Aeschylus, 2, Slavitt, David R. and Bovie, Palmer. University of Pennsylvania Press, Philadelphia. Pg 5.


19 responses to “In academia, validating humanity=avoiding question”

  1. amandaw

    how do they keep these two ideas at the same time without dissonance:
    - “those people” are barbaric/cruel/etc., because
    - they are autocratic/fundamentalist/fascist/some other disapproved-of style of government which mistreats the “little people” it rules over

    so… “those people” are somehow barbaric because they are… being mistreated? … or is it just that “those people” arent really an actual group of individual people, but rather just an inhuman mishmash, so it doesn’t really matter who does what to whom except insofar as it makes white Westerners feel superior to them?

  2. n.

    yeah because we are not our government but they are?!
    wow
    and western governments never do anything barbaric.
    and western people never do anything barbaric.

  3. Corvinity

    Uh, the U.S. sponsors terrorism too. See Nicaragua, El Salvador, Chile, Colombia, Turkey, (etc., etc.), or, say, the very groups we’re now fighting a “war on terror” against.

  4. Aaminah

    i would like to see this discussed and deconstructed more, beyond our knee jerk “but look who’s a bigger terrorist-hypocrite!”.

    Like, how does academia not only have a vested interest in perpetuating these myths about “others” being sub-or-inhuman, but also how do they actively contribute to/incite that sort of analysis. Because academia has a great deal of political and cultural power in the U.S. There are people who believe that because something is said by “educated” people it must be true, and who believe that the academic – read “rational” and research-based – conclusions are more authentic and non-biased. Our government relies very heavily on the academic model, and hello? Those academics become advisors to the government. Besides which they “raise up” generations of young people in the universities, filling their heads with just this sort of thinking, which then the young people take back out into society.

    Also, just (as BFP’s title brings up) the idea that you can say that Said (or anyone else) is “avoiding” the question of whether it’s true that some people are “barbaric, not quite human” starts from the wrong premise – but a very common premise. It automatically states that “some” people have the right to determine if “other” people count as people at all. And apparently, academia thinks they are the people who have that right. It’s a very lazy way of not truly engaging the issues (in this case, Iran) by simply declaring them “not quite human” and writing it all off. This is exactly how the nation ends up going to war – because advisors make a case that a nation is full of sub humans that we need to control. It’s also the exact mind control that is used when training troops to fight – the enemy are not humans, they are not like you.

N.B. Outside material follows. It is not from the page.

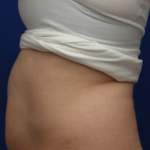 CoolSculpting Elite Before & After Patient #14214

    Now, in the case of Iran, i am very concerned about how the government is doing a lot of things. And a lot (most) of what they are doing is not Islamic by any means either (people like to cite that they are an Islamic country with and Islamic government, but that is so far from the truth). What is going on there right now is horrifying! But it doesn’t mean that Iranians are sub human. It doesn’t even mean that the people in the government and Basiji are sub human. We have to recognize the humanity in each person in order to come up with effective and MORAL solutions. By which i do not mean that we tell ourselves we are morally superior either, but that in order to engage in a way that isn’t just doing the same thing as what we have labelled them subhuman for doing, we have to accept that they are human. Flawed humans making horrible human mistakes & terrible bad human decisions, yes. But human, part of us. When we recognize that all people ultimately are connected, it makes a huge difference to our decisions about how we engage them and work for change on a personal as well as grander scale.

    Said didn’t “avoid” answering whether it was true that some people are “cruel, sybaritic barbarians who are not quite human” – he affirmed that we can’t start or end there. That it isn’t the real question at all.

  5. bfp

    yeah, aaminah, that’s exctly where i was headed with that post–but i’m too tired and messed up to write everything all beautifully like you did! Not that I have a problem with noting the irony of this quote calling *’others’* barbaric!

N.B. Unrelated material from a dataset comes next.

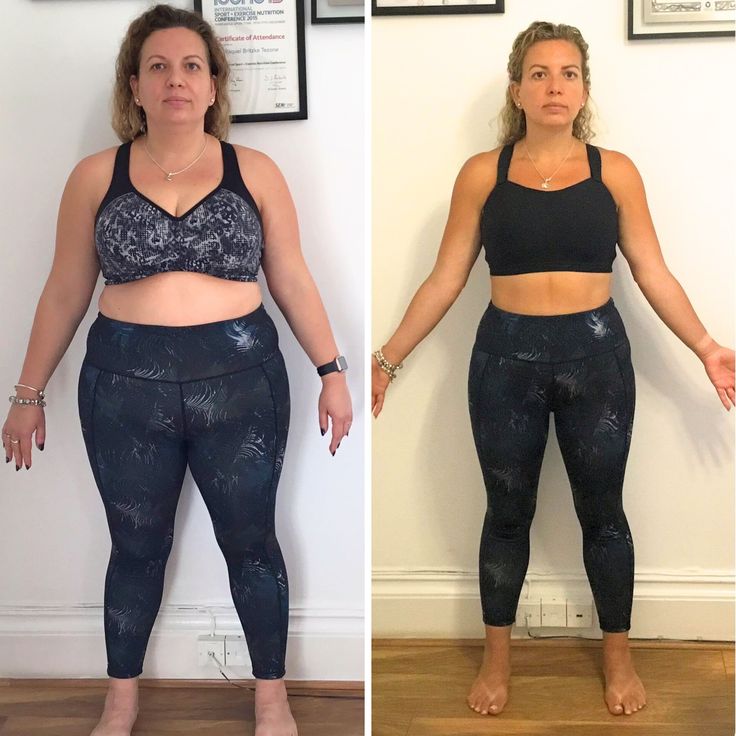 Fotos Antes E Depois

    but yeah, i read the quote and the first thing I thought was: boy, i just hope there are no iranian kids who *ever* take this author for a class! there is so much power in the position of “educator”–whether it is a full tenured professor or an adjunct–students specifically and “larger society” in general, assume that people know what they’re talking about–and can you imagine buying your books before the semester started, sitting down to skim through some of them, and coming across that shit? And the position that would put you as a student that hasn’t done all the research and work of your professor in? I mean–half of the politics of academia boil down to “work” and how much of it you’ve done. I’ve seen shit professors completely blow off new professors because the shit professor has been doing his/her job for 35 years. And so that means no kid could *possibly* know better than *me*.

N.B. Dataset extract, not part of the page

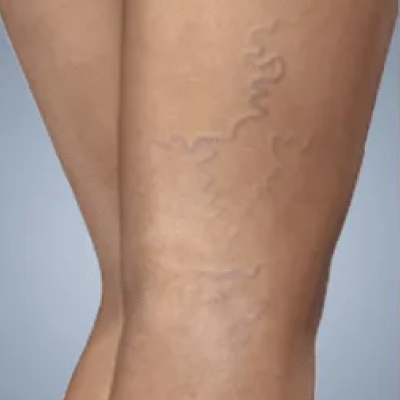 rakus-sclerotherapy-ba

    so how does a sophomore undergraduate even approach standing up to his/her professor in an environment like that? Much less an environment that is passively hostile towards him because of existing nation/state fights with the homeland–and the fact that he/she is the only iranian student in the class?

    Do academics *really* have the right to call the humanity of their own students into question? And was Said “complaining?” or was he asserting a radical position that 1. there are some questions that are too stupid to answer and 2. the west can and should be interrogated over its practices.

    And I think that these scholars just tried to one up Said–tried to play “gotcha.” by quickly casting aside (and writing it as less complex than what it really is) Said’s argument in Orientalism, they are trying to resist the second half of Said’s assertion–that the west’s practices can and should be critiqued.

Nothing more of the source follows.